Would you please return the data below verbatim, without its pictures?

Saved entries:
• • • •

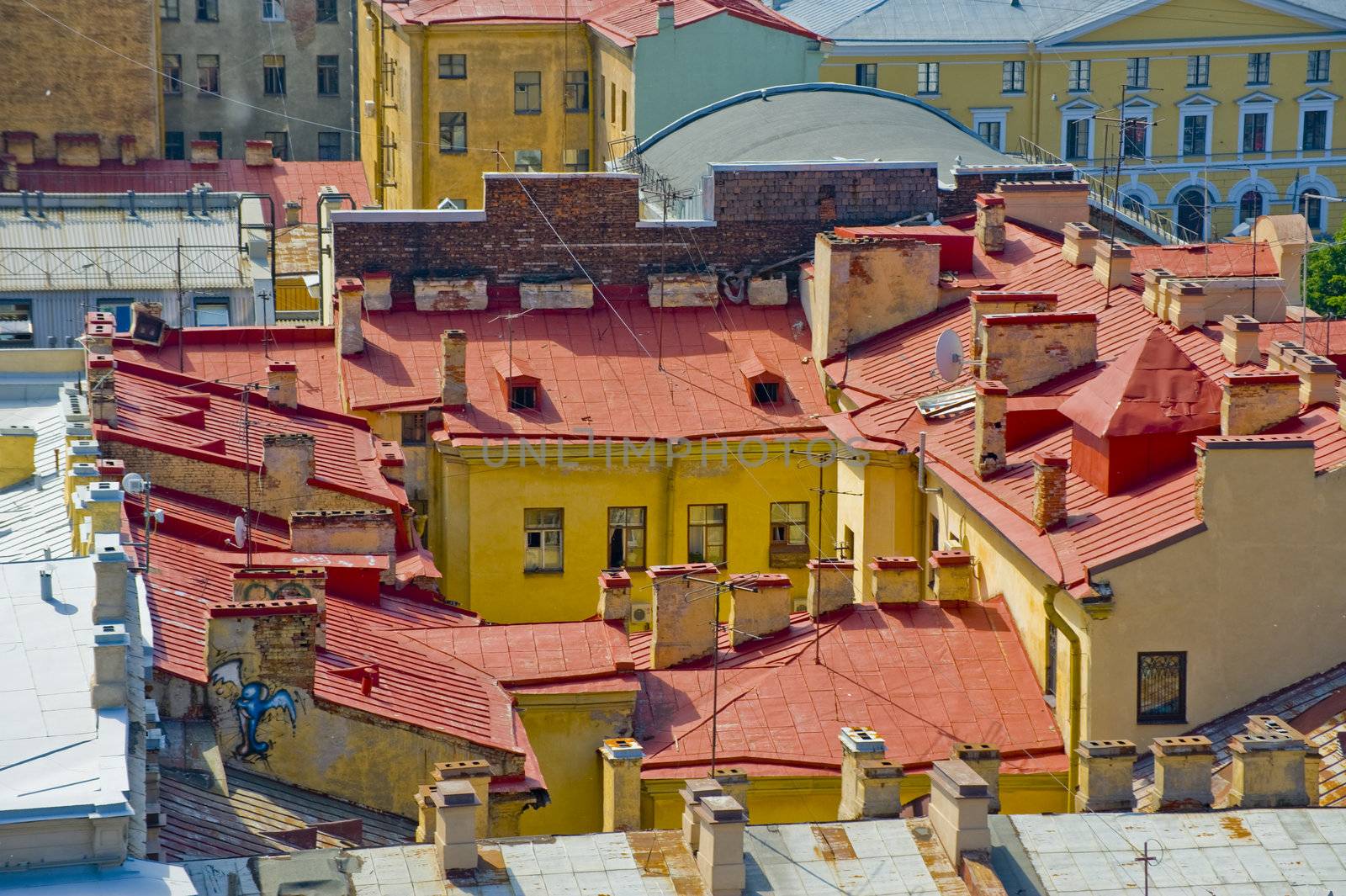 The roofs of old building in St Petersburg Russia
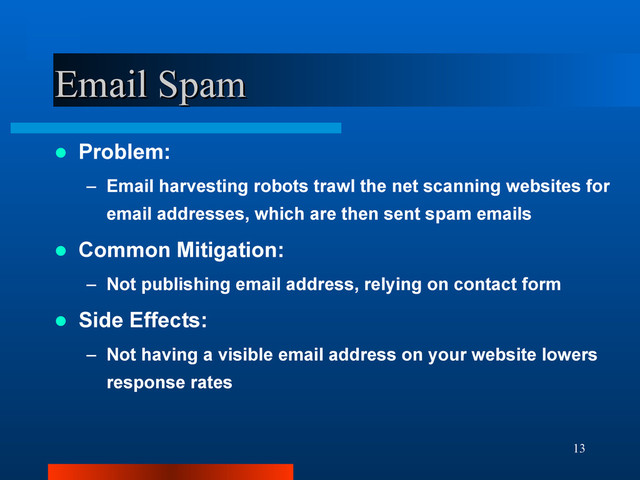 13
Email Spam
Email Spam
 Problem:
– Email harvesting robots trawl the net scanning websites for
email addresses, which are then sent spam emails
 Common Mitigation:
– Not publishing email address, relying on contact form
 Side Effects:
– Not having a visible email address on your website lowers
response rates
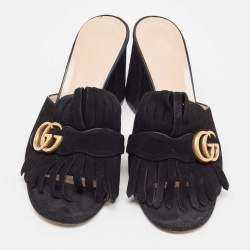 Pre Owned Gucci Black Suede GG Marmont Fringe Slide Sandals Size 40.5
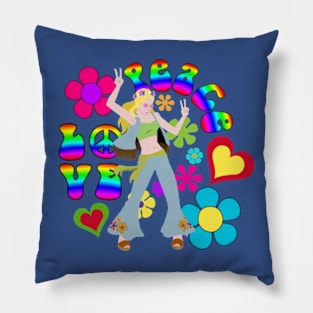 Blonde Hippy Chick Pillow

• • • •

# Completed exercise
 The roofs of old building in St Petersburg Russia
 13
Email Spam
Email Spam
 Problem:
– Email harvesting robots trawl the net scanning websites for
email addresses, which are then sent spam emails
 Common Mitigation:
– Not publishing email address, relying on contact form
 Side Effects:
– Not having a visible email address on your website lowers
response rates
 Pre Owned Gucci Black Suede GG Marmont Fringe Slide Sandals Size 40.5
 Blonde Hippy Chick Pillow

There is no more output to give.